The court dismissed the charges saying only federal authorities can enforce immigration laws

A woman whose parents brought her to Iowa from Mexico 20 years ago at age 11 cannot be prosecuted by the state for identity theft and forgery, the Iowa Supreme Court ruled Friday.

The 4-3 divided court, in a significant ruling that could have broad consequences for those living in Iowa illegally and using fake credentials to obtain work, concluded prosecution of crimes such as identity theft and forgery when related to immigration fall under federal jurisdiction and cannot be prosecuted in state court.

"Local enforcement of laws regulating employment of unauthorized aliens would result in a patchwork of inconsistent enforcement that would undermine the harmonious whole of national immigration law," Justice Brent Appel wrote for the majority.

Martha Martinez, who is now 31, obtained an Iowa driver's license when she was 17 using a birth certificate and Social Security card borrowed from a woman named Diana Castaneda.
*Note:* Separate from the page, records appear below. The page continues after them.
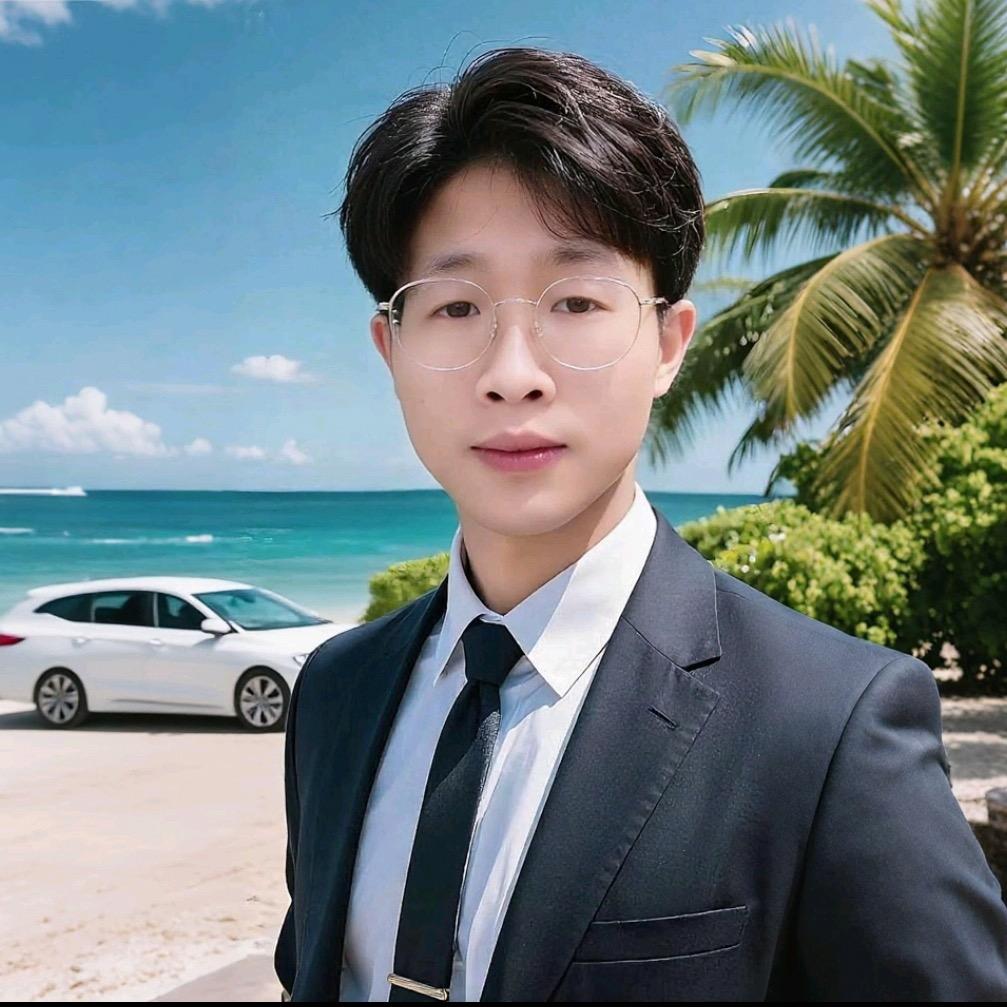 联众法律事务所吴老师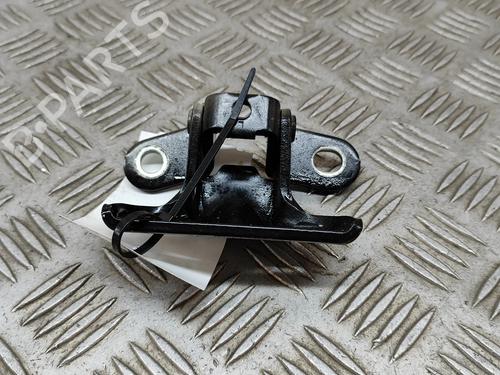 hingedoor-check-strap-kia-soul-iii-sk3-2019-27773632 main image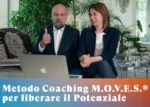 Coaching Avanzato - Unicomunicazione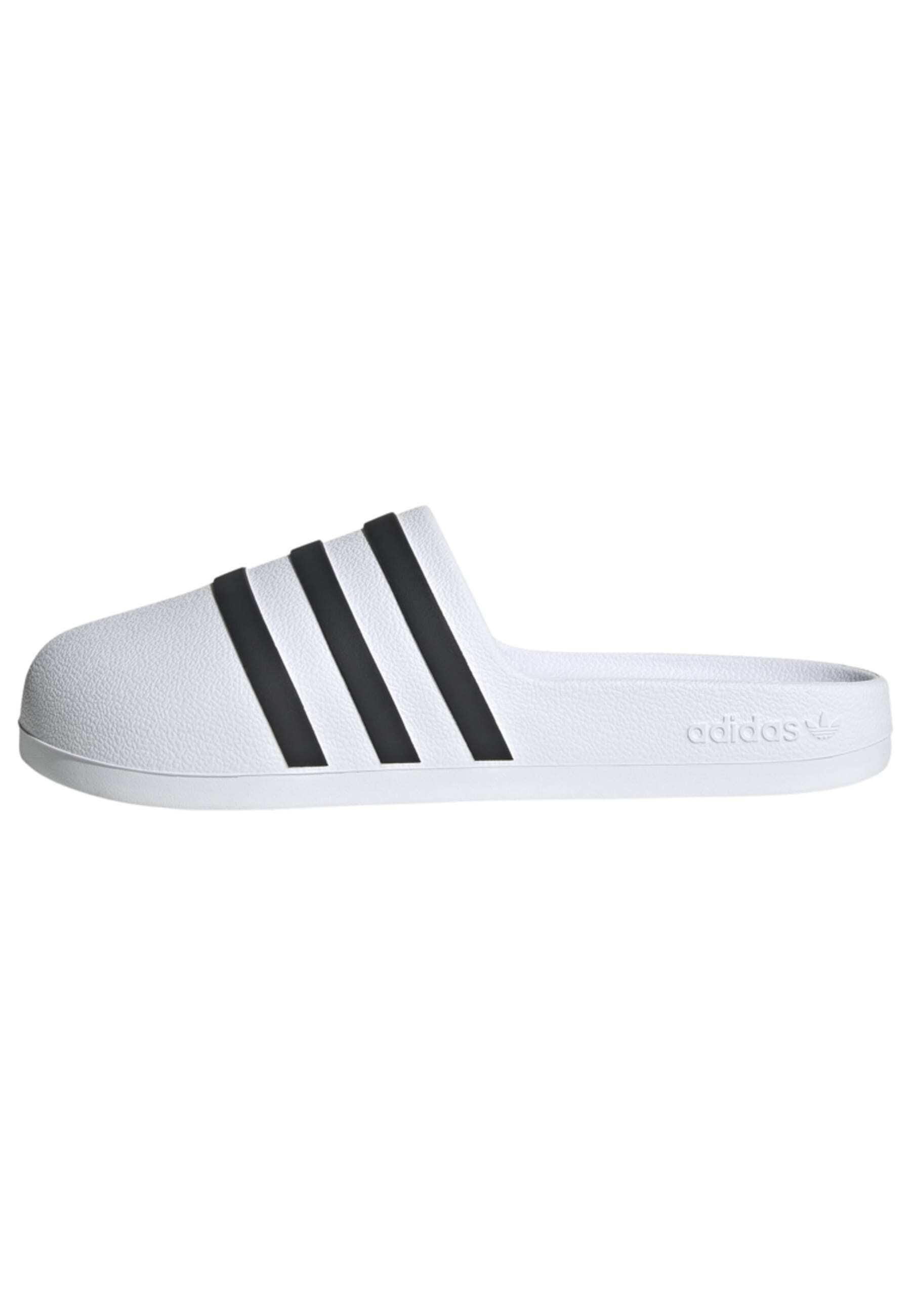 ADIFOM ADILETTE UNISEX - Pool slides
She also used the fake credentials to obtain federal authorization to get a job in Muscatine at a company that provides sanitation services for food processing plants.

Martinez in 2013 received temporary lawful immigration status under the Deferred Action for Childhood Arrivals policy implemented under President Barack Obama. She was able to obtain a driver's license under her real name and newly issued Social Security number provided through DACA.
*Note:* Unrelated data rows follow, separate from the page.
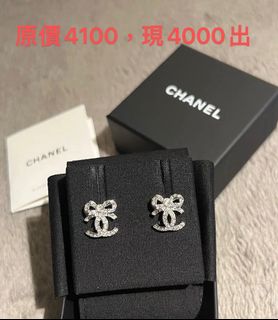 （分類：）位於 。 由 odelia0919 提交（商品編號 1189670329，圖片 1）。簡介： 。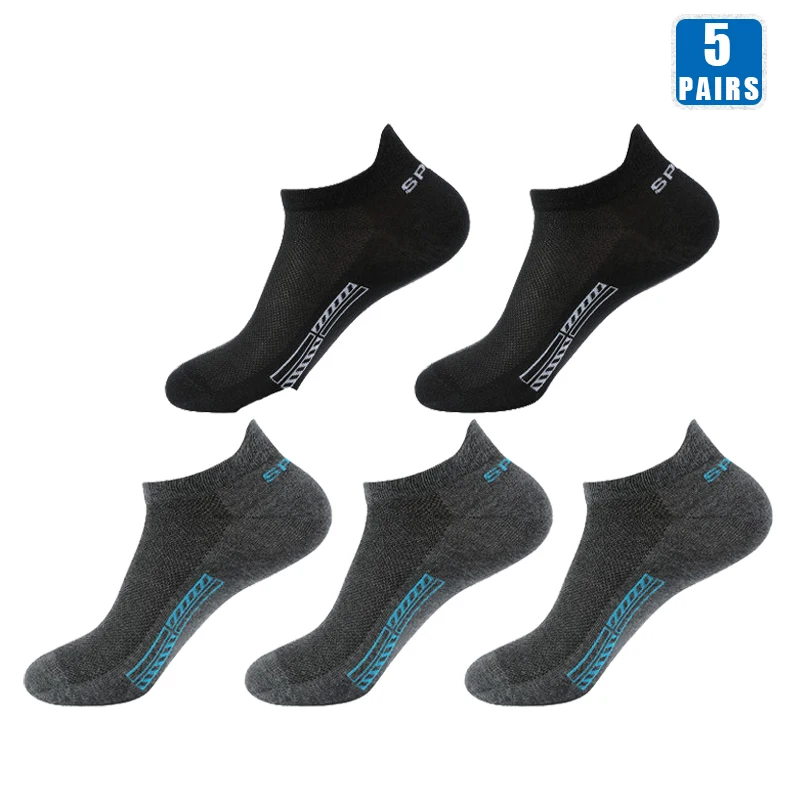 2 Black 3 D-Grey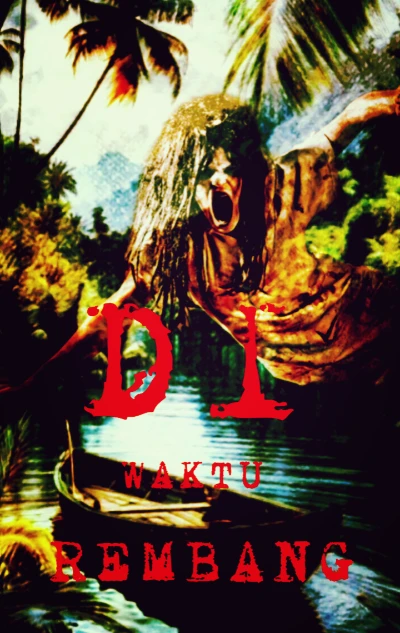 Di Waktu Rembang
However, the Iowa Department of Transportation, using facial recognition software, matched her face with the driver's license she obtained at 17 using Castaneda's credentials. After an investigation, Muscatine County Attorney Alan Ostergren charged her with the two felonies that upon conviction could get her deported.

The majority of the court said the federal government routinely chooses not to prosecute immigrants in similar situations as Martinez on humanitarian grounds, noting she was educated in Iowa, has no criminal record, is a productive member of the community and is the mother of four children born in Iowa.

"Federal enforcement officials might well weigh the fact that a mother would be separated from her four children who are United States citizens as a very undesirable result," the court said.

The justices also said federal authorities might blanch at prosecuting a person who in good faith came out of the shadows under protection of the DACA program.

The Obama policy offered a reprieve from deportation to people in the country illegally who could prove they arrived before they were 16, had been in the U.S. for several years and had not committed a crime since arriving. It gave so-called Dreamers an opportunity to stop hiding and live and work without fear of deportation. It's unclear, however, whether President Donald Trump plans to continue the same protections.

Ostergren said he firmly believes identity theft cases should be investigated and prosecuted.

He said the ruling means Iowa law enforcement will be powerless to prosecute some cases of identity theft.

"Quite frankly it puts Iowa as an outlier in the country so the question is if you are illegally here and you are stealing someone's identity then there's one state in the country you can move to and not be prosecuted right now," he said.

Martinez's attorney, Philip Mears, called the decision a tremendous victory for immigrants.

"The Iowa Supreme Court has recognized the important protection provided to Dreamers given their connection and tremendous contributions to the country they grew up in and call home," he said.

Justice Edward Mansfield and two other justices believe Martinez should be prosecuted. In his dissenting opinion Mansfield said the decision gives a pass from prosecution for immigrants living in Iowa illegally and using fake credentials, which could also be used to avoid paying taxes or to cover up a criminal history. An American citizen without the protections offered immigrants, however, could be prosecuted for the same crimes.

"Our job should not be to pick winners or losers but to apply federal law as given to us by Congress and state law as given to us by the general assembly," he said.

The Iowa attorney general's office has 90 days to decide whether to ask the U.S. Supreme Court to review the Iowa court decision. A spokesman said they are reviewing it and considering all options.